Assignment
Copy nothing but the lines from the one containing "1997 Toyota Corolla" through the last line of the records, repeated exactly and without pictures.

[Caption-style text data]
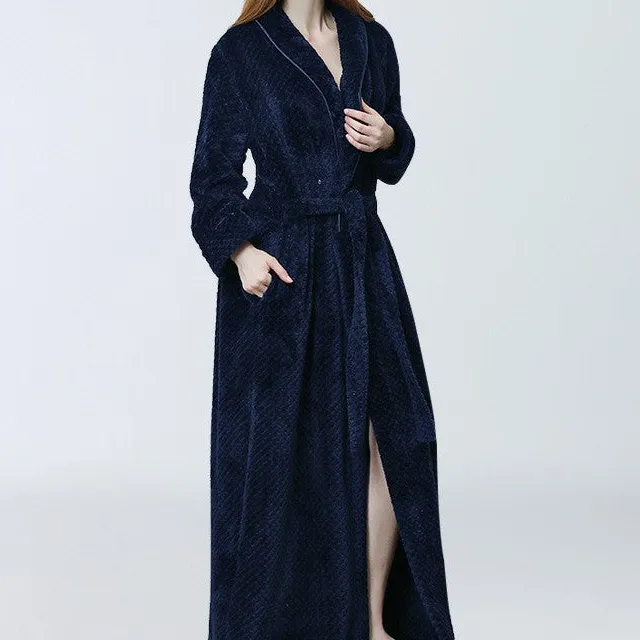 Long Sleeve Soft Flannel Bathrobe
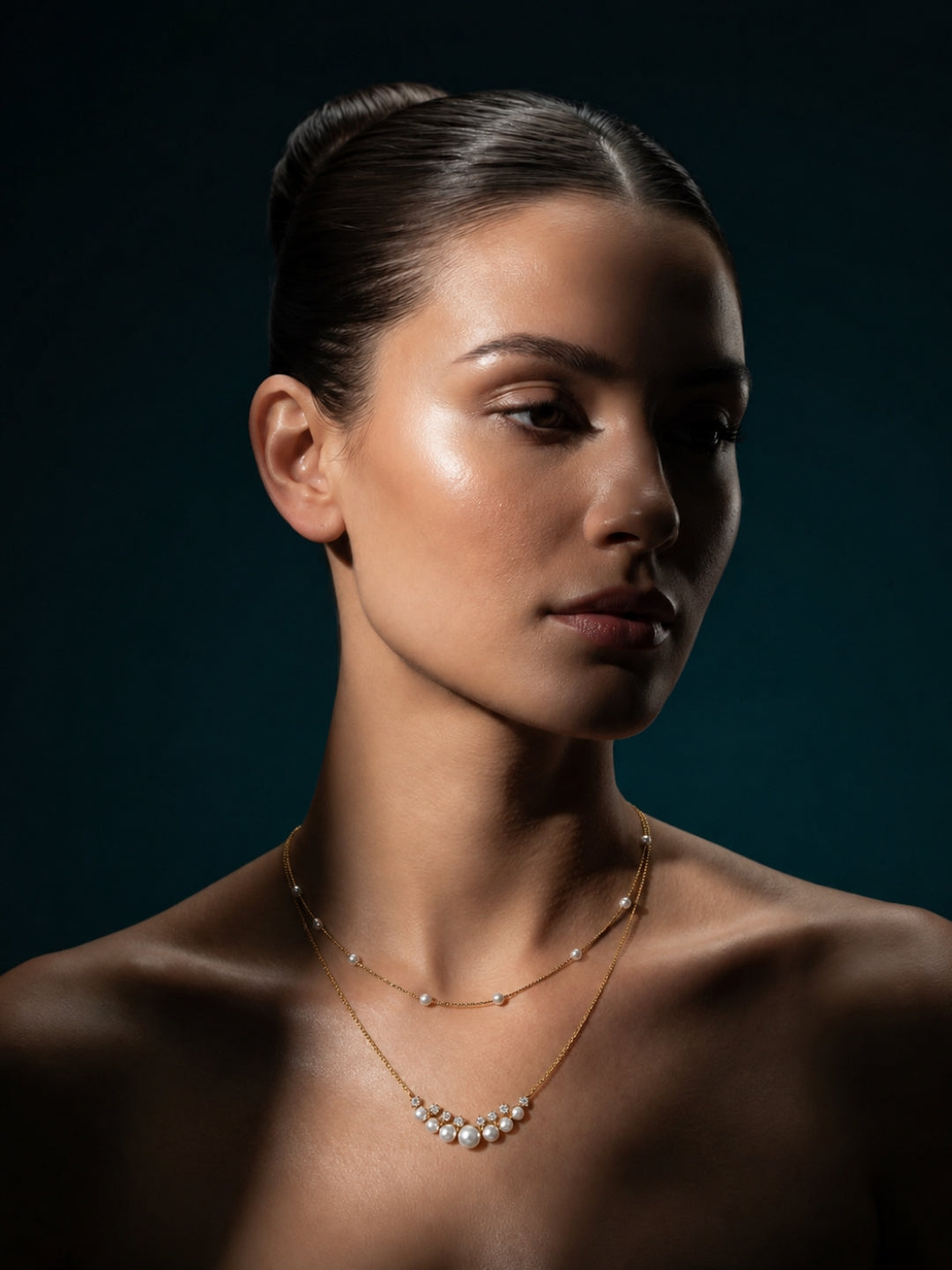 Layered Pearl Necklace Set (Set of 2) | 18K Gold Plated Stainless Steel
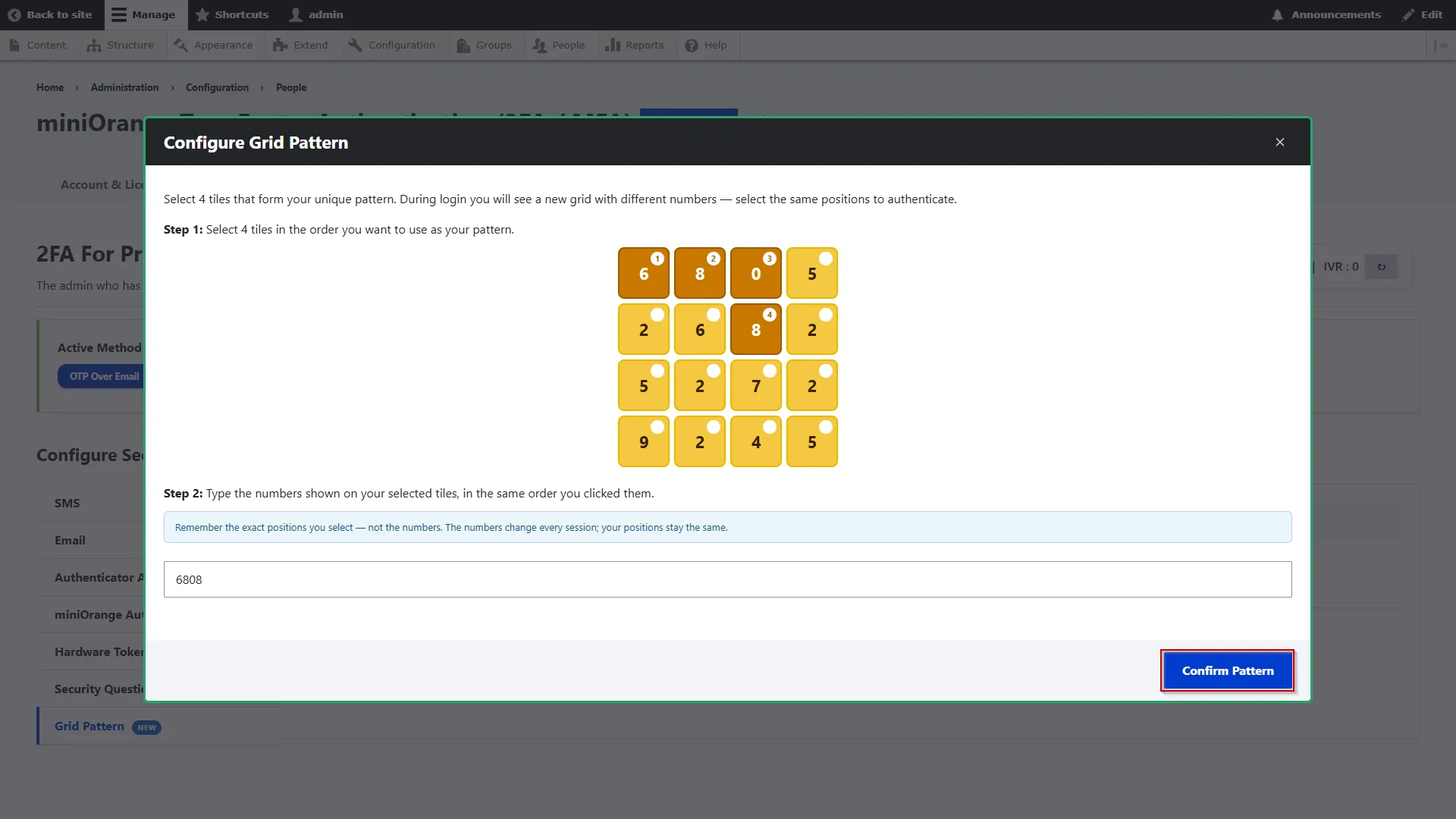 Drupal 2FA Grid Pattern - Click Confirm Pattern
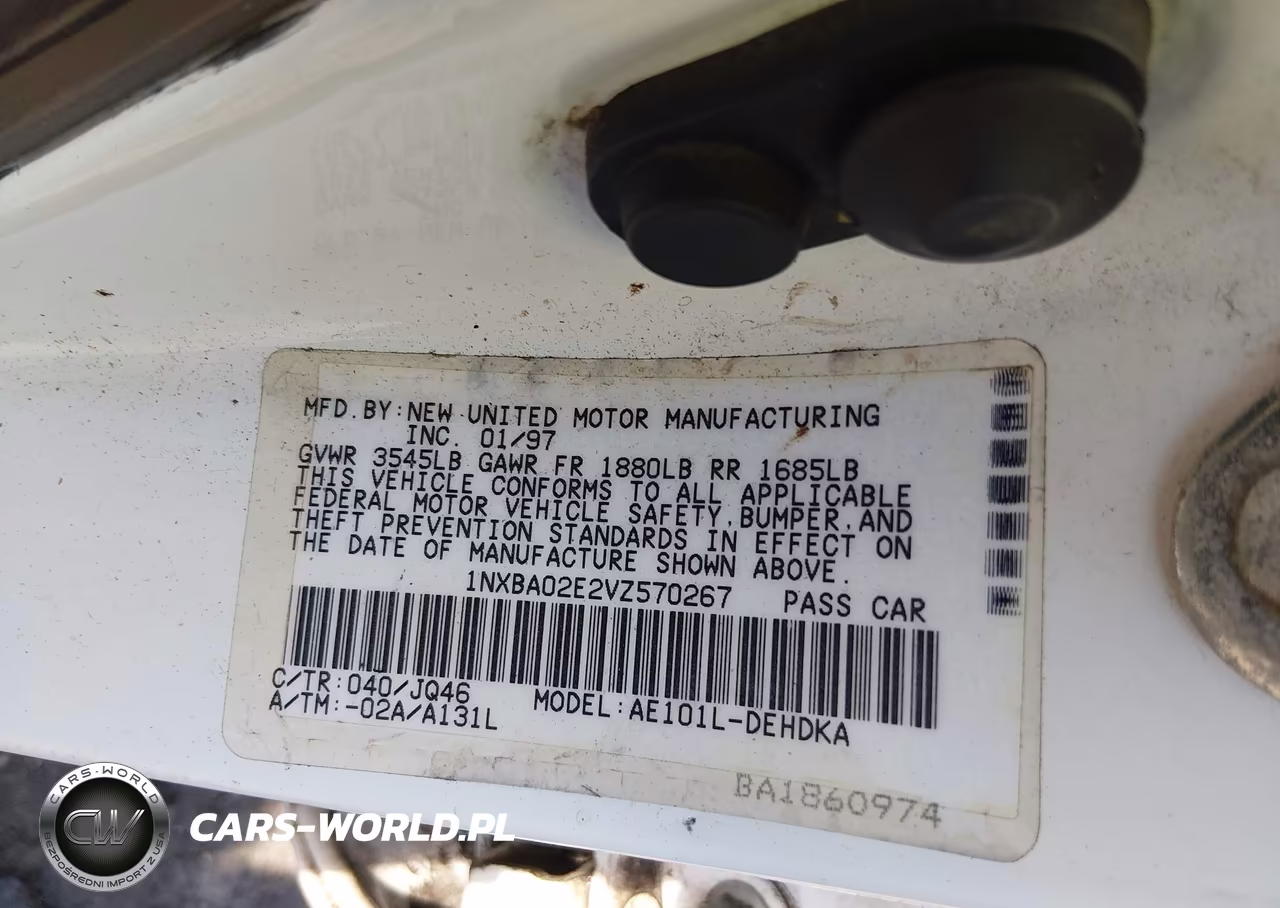 1997 Toyota Corolla Ce VIN:1NXBA02E2VZ570267 - 9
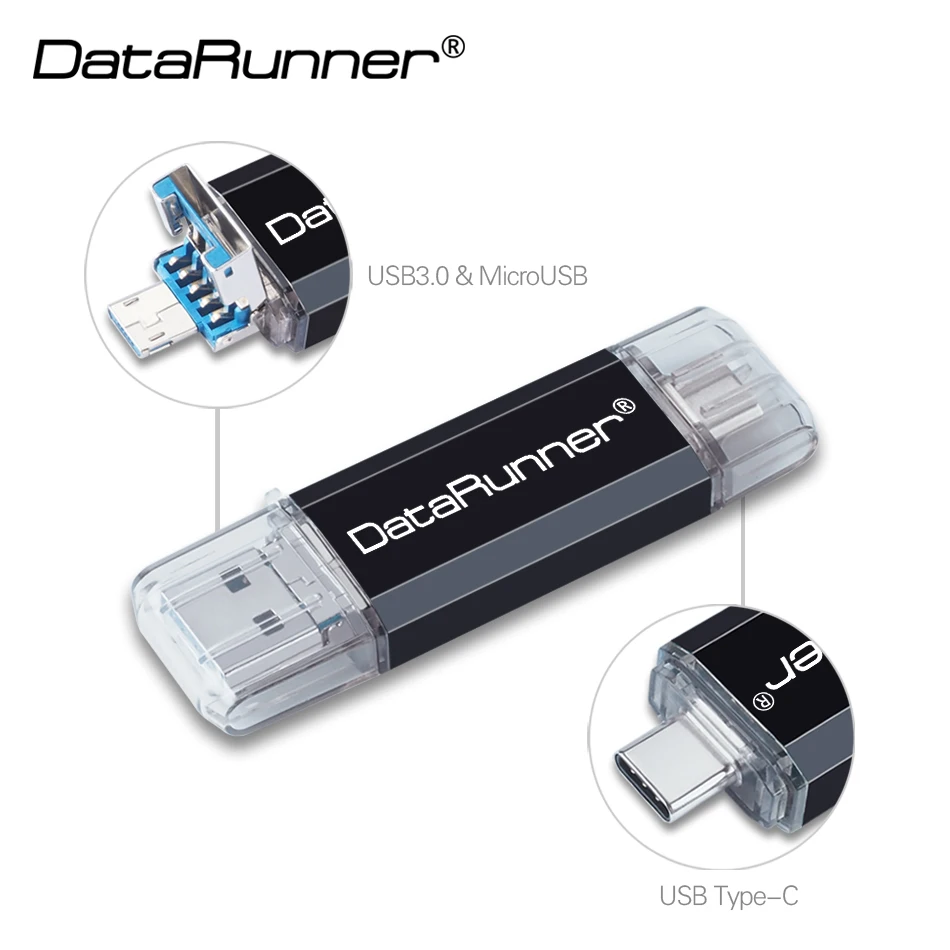

OTG USB флеш-накопитель DataRunner 3 в 1, 32 ГБ, флешка 128 ГБ, USB-накопитель для Type C/Micro USB, флеш-накопитель 512 ГБ, 256 ГБ, 64 ГБ, USB 3,0, U-диск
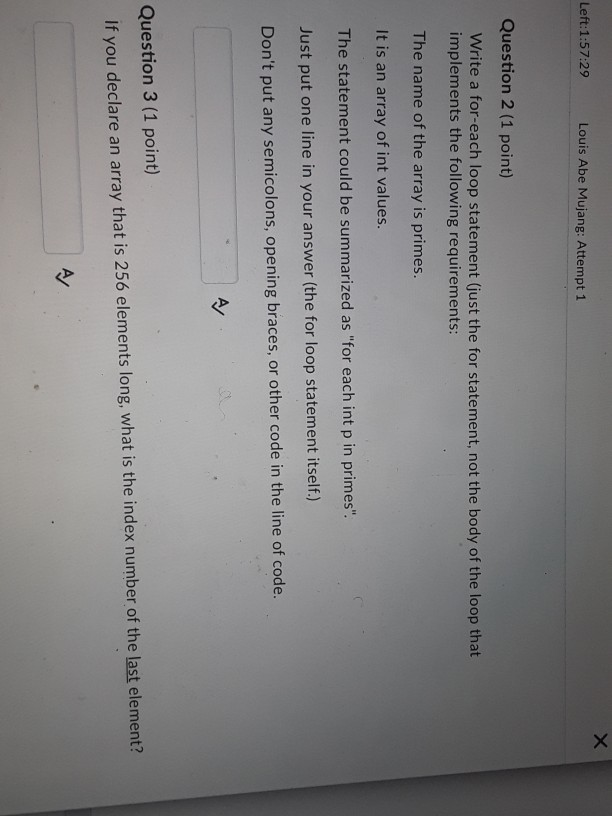  advance java Left:1:57:29 Louis Abe Mujang: Attempt 1 Question 2 (1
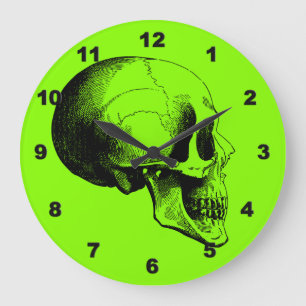 Skull Wall Clock,Green Große Wanduhr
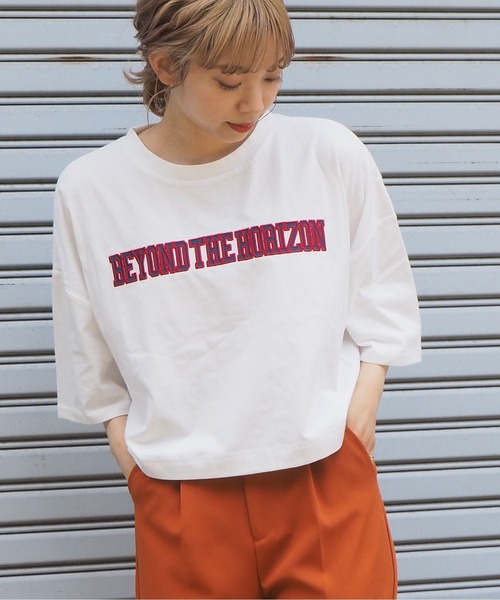 tiptop（ティップトップ）の「2021SS ロゴタタキツケカレッジショート丈Tシャツ（Tシャツ/カットソー・レディース・ブラック/ダークグリーン/オフホワイト・FREE）」の14枚目の写真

Task result
 1997 Toyota Corolla Ce VIN:1NXBA02E2VZ570267 - 9

OTG USB флеш-накопитель DataRunner 3 в 1, 32 ГБ, флешка 128 ГБ, USB-накопитель для Type C/Micro USB, флеш-накопитель 512 ГБ, 256 ГБ, 64 ГБ, USB 3,0, U-диск
  advance java Left:1:57:29 Louis Abe Mujang: Attempt 1 Question 2 (1
 Skull Wall Clock,Green Große Wanduhr
 tiptop（ティップトップ）の「2021SS ロゴタタキツケカレッジショート丈Tシャツ（Tシャツ/カットソー・レディース・ブラック/ダークグリーン/オフホワイト・FREE）」の14枚目の写真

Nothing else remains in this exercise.